Sometimes it takes only a single situation — a medical expense, job loss or unforeseen event — to interrupt an otherwise timely payment history. Regardless of the circumstances, the reality is that any unpaid debt is fair game for collection. Once a delinquency hits your credit report, you can expect your credit score to drop.
How does debt go from being a late payment to a collection account? If you’re making payments, can the collection agency still report you to the credit bureaus?
Read on to find out the answers and discover how collection accounts impact your credit score.
What Does It Mean To Be Sent to Collections?
When you don’t pay your debt, your account will be considered past due. The most common types of collection accounts are unpaid credit card bills, medical bills, mortgage payments, auto payments and student loans.
While each lender or creditor has its own policies for when to send an account to collection, it typically happens only after you’ve missed several payments. Some creditors will send your account to collections after 180 days of nonpayment, which would typically be six missed payments.
What Is a Debt Collector?
If a lender or creditor sells your debt to a collection agency, it means that it has hired a third-party company, called a debt collector, to try to collect payment. Once a collection agency receives your debt from a creditor, it’s considered a new entry on your credit report.
The debt collector will call you, send you letters and report the collection amount to the three credit bureaus (Experian, TransUnion and Equifax). The debt collector’s communications all have one goal: to collect the money owed.

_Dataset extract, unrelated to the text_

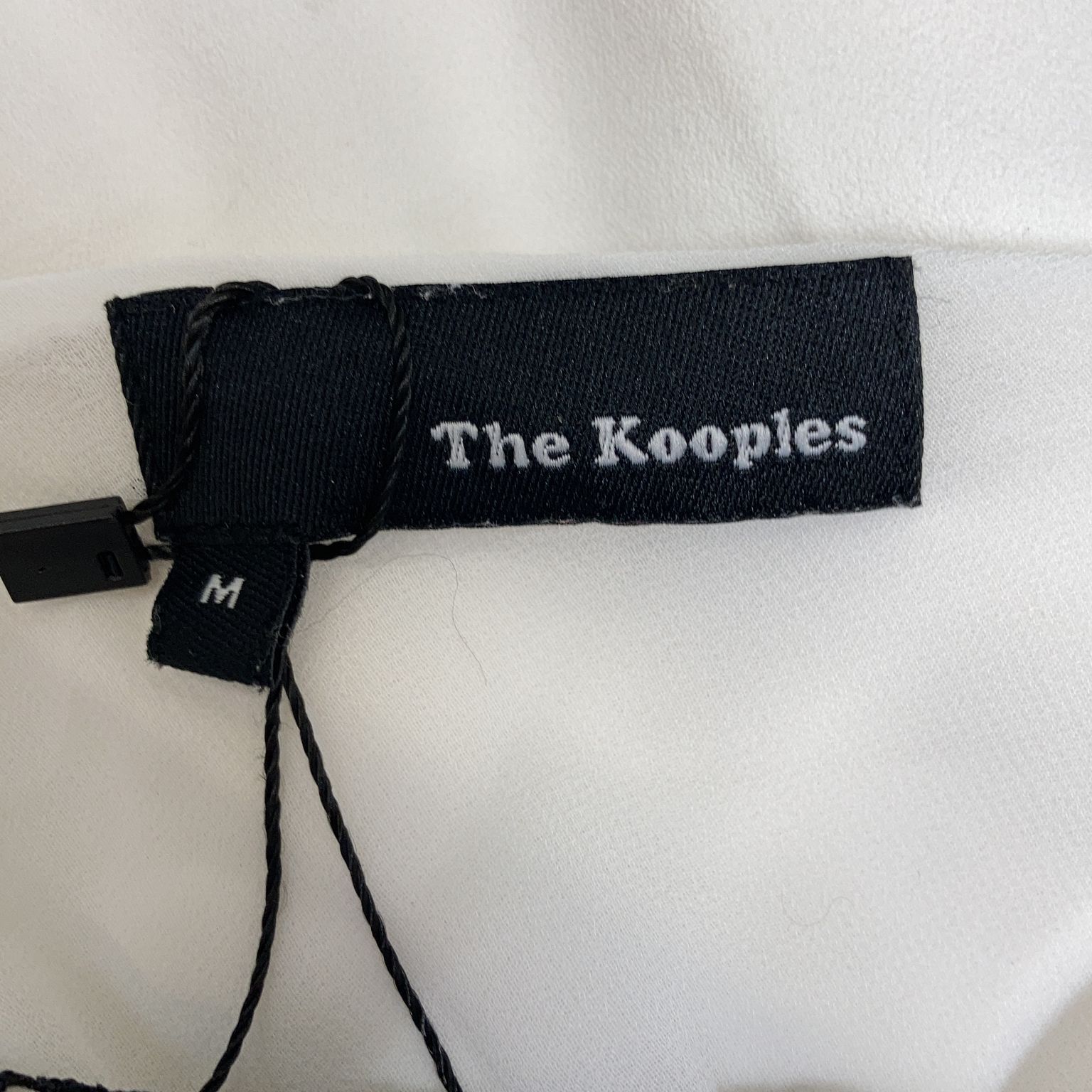 The Kooples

How Collections Impact Your Credit
An account in collection will cause your credit score to drop. Factors that impact the negative result are:
- Your existing credit scores. Higher scores tend to drop more than lower scores.
- The amount of debt. The larger the debt, the more damaging it can be.

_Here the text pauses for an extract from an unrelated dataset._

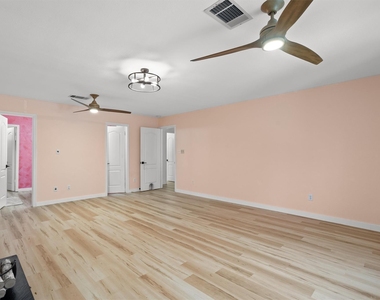 8353 Steamline Cir - Photo Thumbnail 29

- The type of debt. Different types of debt are treated differently. For example, medical debt tends to carry less weight than other types of debt. It’s worth noting that collection agencies must wait 180 days before reporting the debt to a credit agency. Once medical collections are paid off, they are excluded from the score calculation. Even if you’ve reached an agreement with a collection agency to make regular payments on your debt, the agency can still report the account to the credit bureaus, and it can still negatively impact your credit score.
Know Your Rights
If the debt is yours, you’re obligated to pay it. However, there are limits to how persistent a debt collector can be, and the Fair Debt Collection Practices Act (FDCPA) — which applies to debt that was incurred for personal, family or household purposes — protects consumers from unfair, overly aggressive or fraudulent debt collection practices.
Another agency working to protect you is the Consumer Financial Protection Bureau, which stresses the importance of understanding your rights when a debt collector contacts you. It recommends that you ask these six questions if you get a collection call:
- Who is the debt collector?
- What is the amount of the debt?
- What kind of debt is it?
- When was the debt incurred?
- Who is the original creditor?
- Who does the debt belong to (you or someone else)?
The Consumer Financial Protection Bureau also recommends that you insist a debt collector send you written notice of the debt so that you can verify that the collection agency is legitimate, and the debt is yours.
How Far Will Your Credit Score Drop?
A collection account stays on your credit report for seven years, but the amount your score will drop depends on how high it is to begin with. Over time, the impact of the collection account will lessen.